> _PROVIDED DATA_:

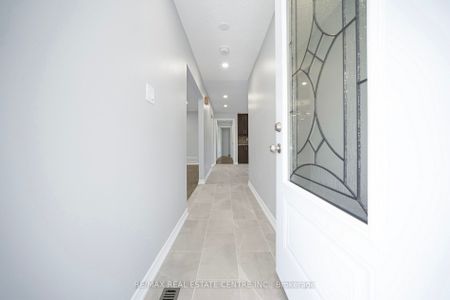 For Lease - 35 Madison Street, Brampton, Ontario - Photo 2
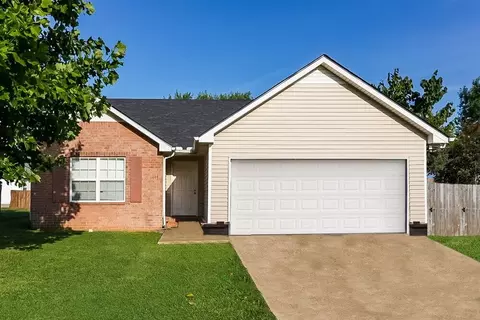 1444 Saint Andrews Dr, Murfreesboro, TN 37128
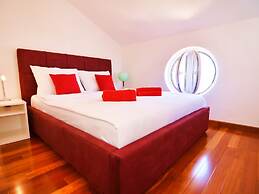 Villa in Murter With Pool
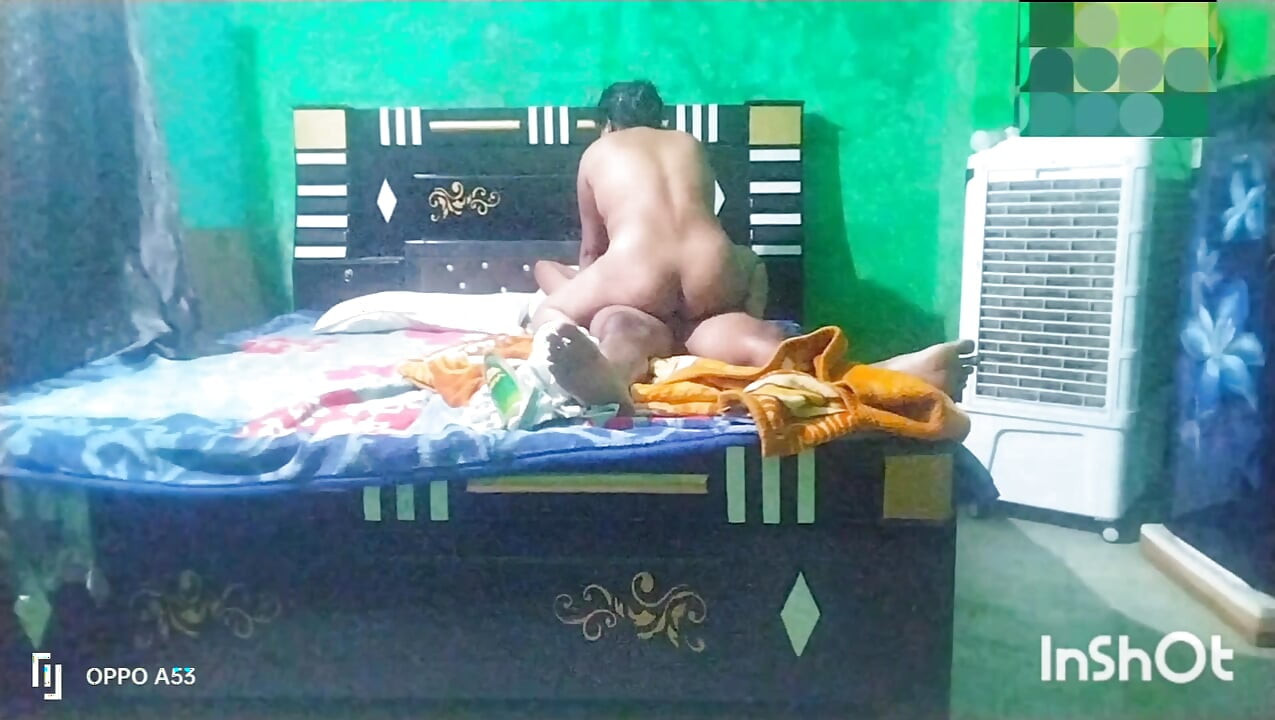 Hot khushi bhabhi ne mujhe leta ke sucka aur chudai kiya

> _REQUIRED ACTION_: Write down the full listing above exactly as it is, except for any images.

> _SOLVED PROBLEM_:
 For Lease - 35 Madison Street, Brampton, Ontario - Photo 2
 1444 Saint Andrews Dr, Murfreesboro, TN 37128
 Villa in Murter With Pool
 Hot khushi bhabhi ne mujhe leta ke sucka aur chudai kiya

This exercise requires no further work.